The company now known as Elastic is releasing today the 6.5 version of its stack that facilitates monitoring log data at the container level and escalates rivalry with APM vendors. The new features further differentiate the company’s product stack from the pure open source implementations offered by many third parties.
For enterprises, container abstraction for log monitoring for the moment will be a checkbox feature, in that most adoption of containers is under hood — they are the basic for native application and data services offered by cloud platform providers. But on the horizon, we expect enterprise development teams will start getting the hands dirty as they build their own cloud-native architectures either inside the firewall or as part of their use of cloud infrastructure-as-a-service.
The 6.5 release allows system admins and DevOps practitioners to introspect log-based metrics in any host, pod, or container for cloud-native deployment. And while we’re talking cloud-native deployment, the 6.5 release adds new capabilities for monitoring serverless environments like AWS Lambda with the initial release of Functionbeat. It collects data from sources like Amazon CloudWatch logs and Simple Queue Service.
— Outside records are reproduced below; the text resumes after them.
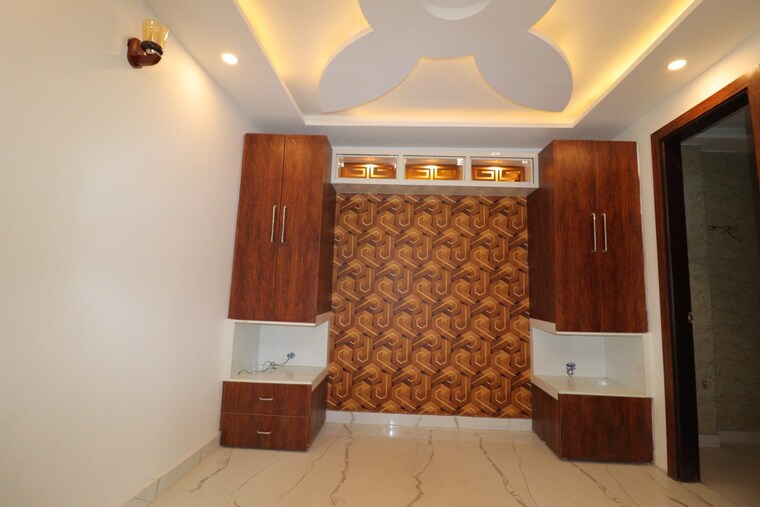Other, rwa-rama-park-block-a-and-b 3 Bedroom 1250 Sq.Ft. Apartment In Sector 3 Dwarka Delhi 9500789
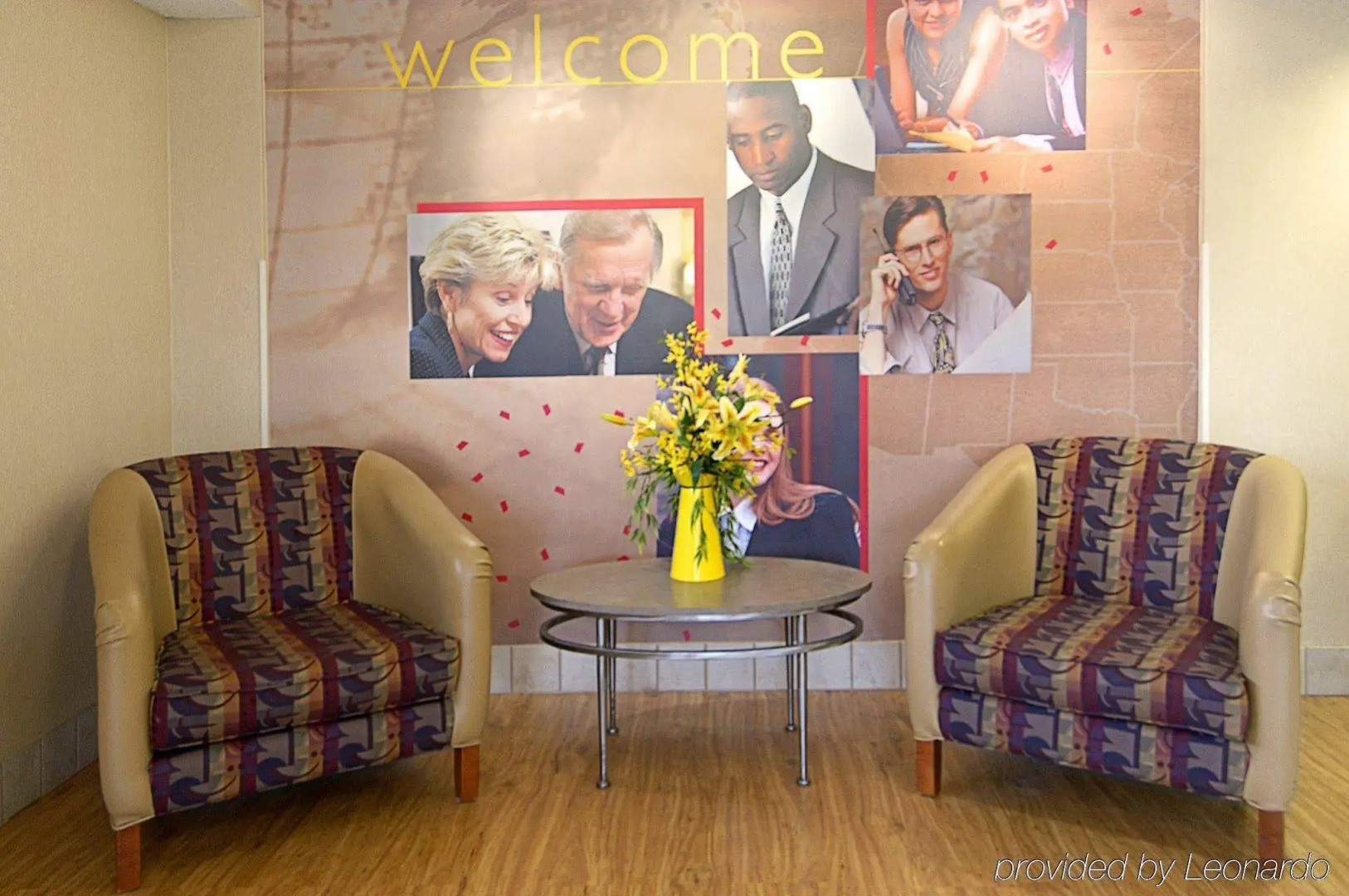 Red Roof Inn Enfield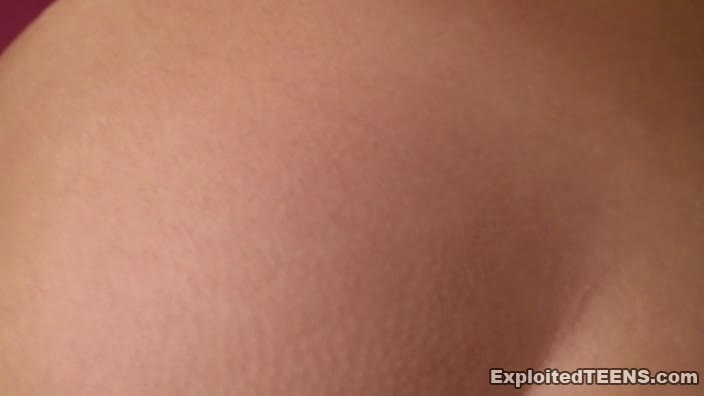 Exploited Teens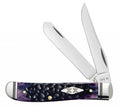 Mini Trapper Purple Bone B1680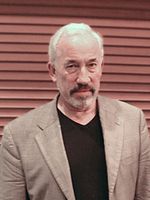 Simon Callow Quotes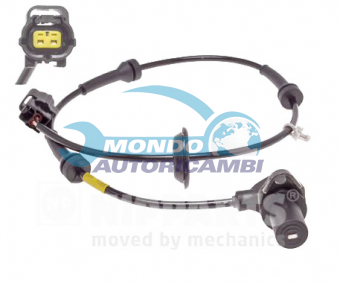 SENSORE ABS, SENSORE CIRCUITO FRENANTE, SENSORE COMANDO ABS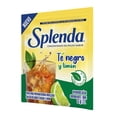 thumbnail image 4 of Polvo para prepapar bebida Splenda sabor te negro limon 12 g, 4 of 5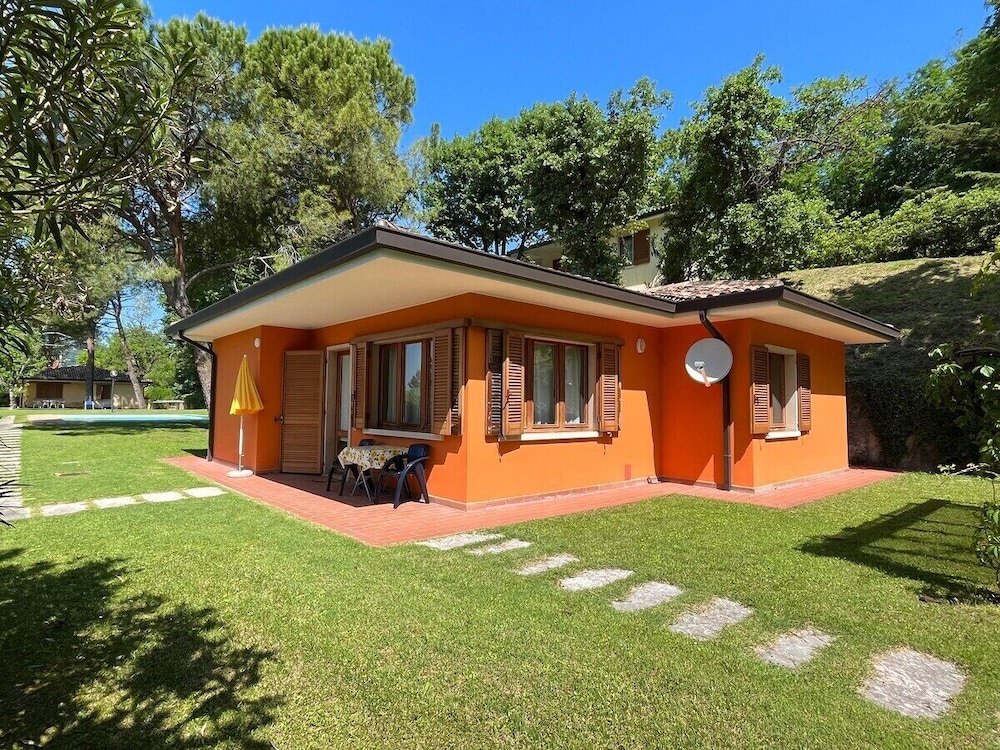 Residence Casa Adriana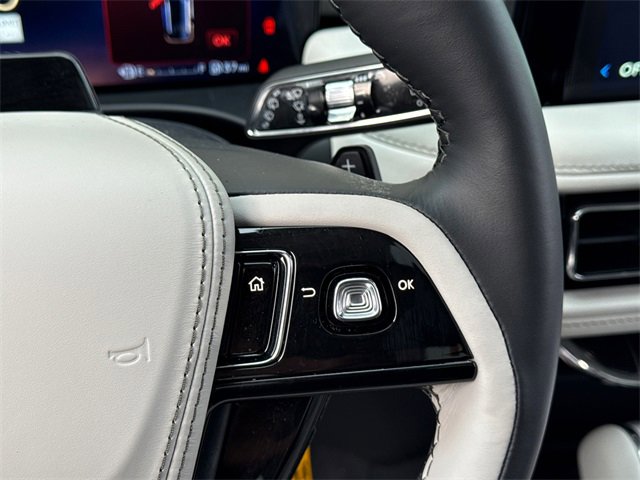 New 2026 Lincoln Aviator Reserve image 27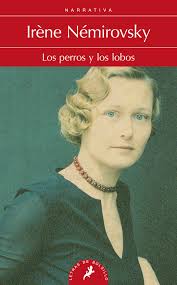 LOS PERROS Y LOS LOBOS1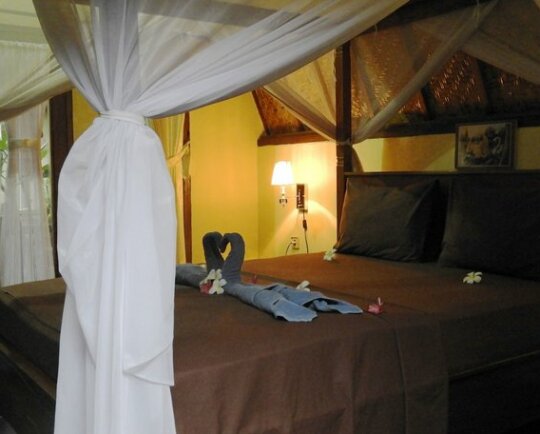 Toro Toro Bungalow - Photo2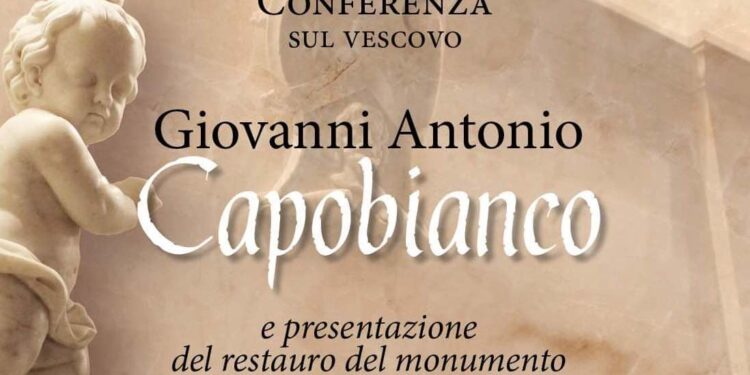Siracusa. Conferenza e presentazione restauro monumento Capobianco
As Elastic adds capabilities for supporting the new forms of deployments, largely cloud-native, involving containers and serverless infrastructure, another theme of the new release is going higher up the stack and ramping up competition with, as opposed to complementing, APM vendors. The new release of Elastic APM allows users to correlate data on application performance with infrastructure logs, server metrics, and security events to identify bottlenecks.
In itself, this capability overlaps those of APM vendors. APM vendors have built their IP over the years understanding how to abstract low level log readings from the standpoint of application processes making their way through IT infrastructure. A major difference form Elastic is that the APM crowd built their expertise in the walled gardens of data center deployments. By contrast, Elastic was not necessarily engineered for the cloud, but its scale-out, big data architecture made it a natural for the cloud.
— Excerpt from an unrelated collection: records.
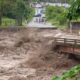 Mérida afectada por lluvias - Agencia Carabobeña de Noticias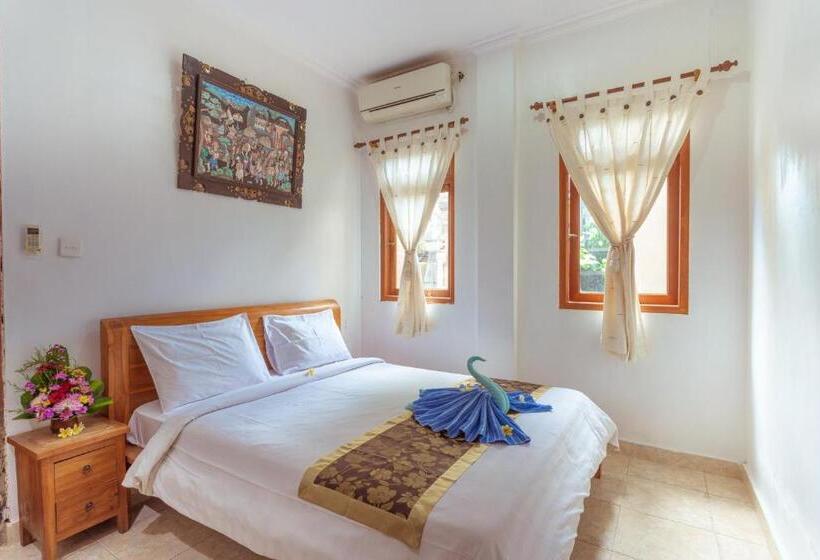 Номер Superior, Teba House Ubud By Ecommerceloka   Chse Certified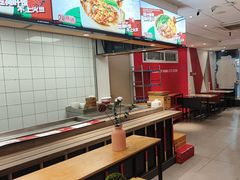 -72街荷叶饭(东方宝泰广场店)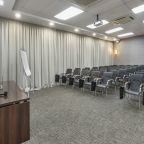 Конференц-зал, Гостиница Аванта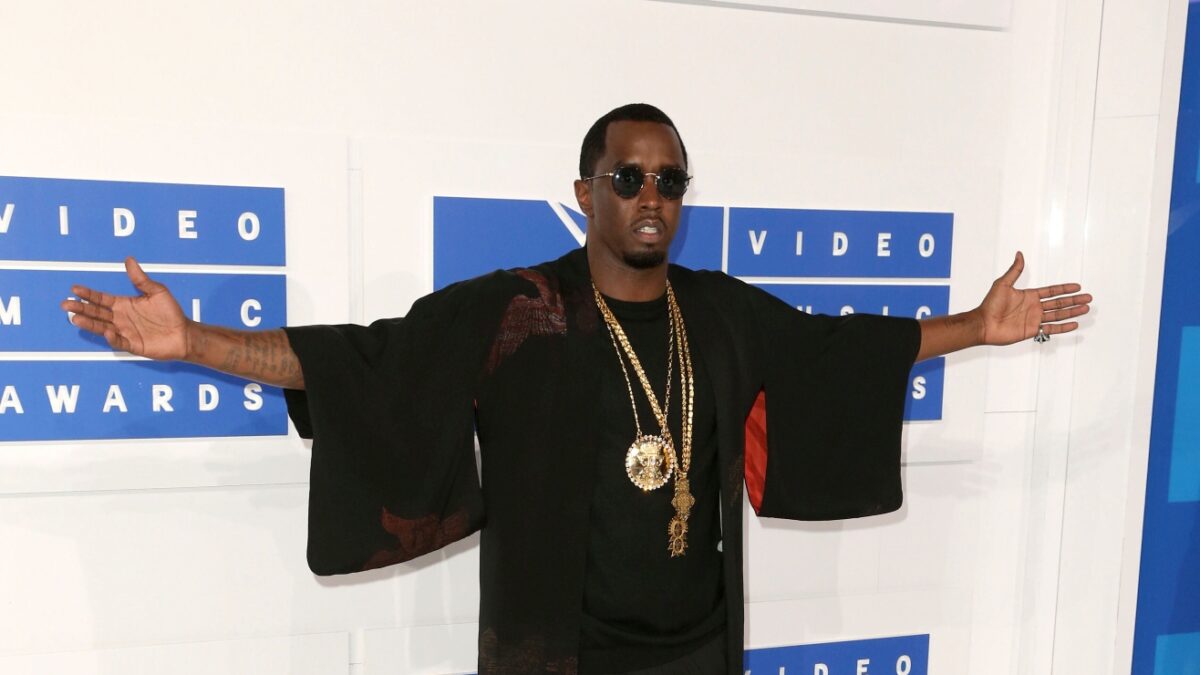 Diddy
The competition between Elastic and NewRelic, AppDynamics, and Dynatrace and the rest of the APM crowd is over the question of who becomes the trusted source for pinpointing bottlenecks. Is it the APM tool that collates Elastic results or vice versa? The new release makes that more of an open question.
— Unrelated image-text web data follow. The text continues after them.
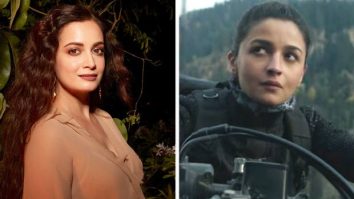 BREAKING: Dia Mirza features in a crucial special appearance in Alpha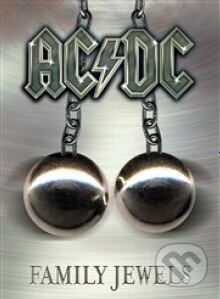 Film: Family jewels (AC/DC) (DVD). , 2005 Film: Family jewels (AC/DC) (DVD). , 2005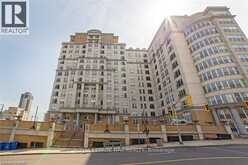 812 - 135 JAMES STREET S Hamilton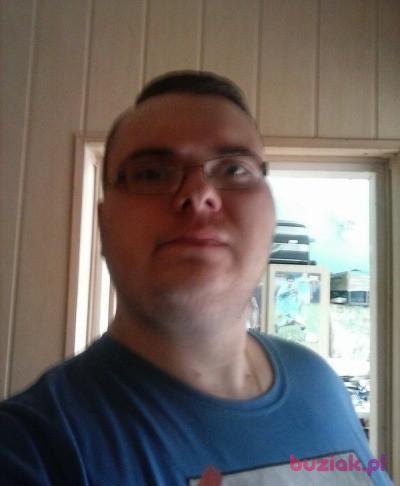 Mateusz Królikowski, Male, 30, Warszawa, Polska, Photo: 2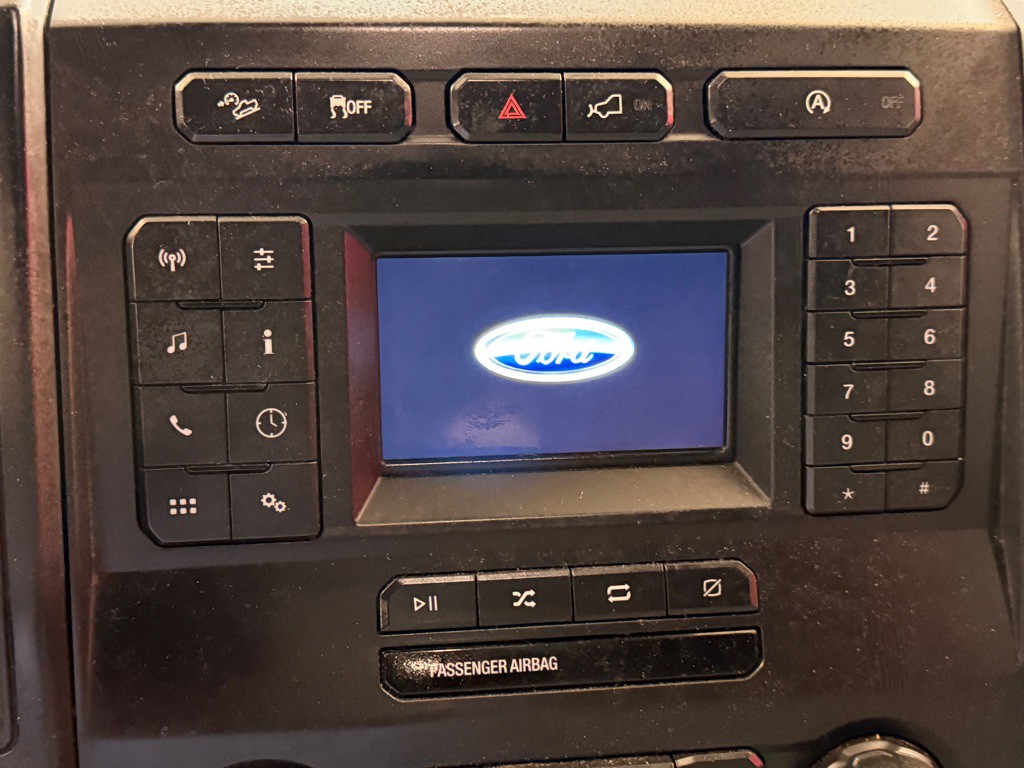 2018 Ford F-150 Image 13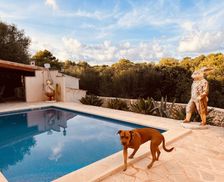 Spain balearen cala santanyi vacation rental compare prices direct by owner 34920859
Other enhancements are more incremental. Kibana adds some new visualization features aimed at streamlining collaboration. The Canvas visualization feature now allows live data presentations that are more interactive. Cross-cluster replication scales Elasticsearch indexes, as they can now become available on multiple clusters. As with database replication, this feature is useful, both for faster local searching and for high-availability scenarios. What’s now needed is an automated failover capability that would leverage the new replication support.
In all, these enhancements are yet another step for the recently IPO’d company that takes more steps getting beyond its search index and open source Splunk alternative roots. As my Big on Data bro George Anadiotis wrote almost exactly a year ago, the company is now “about a lot more than search.” The 6.5 release takes Elastic more in the direction of an APM solution that is also becoming container-aware.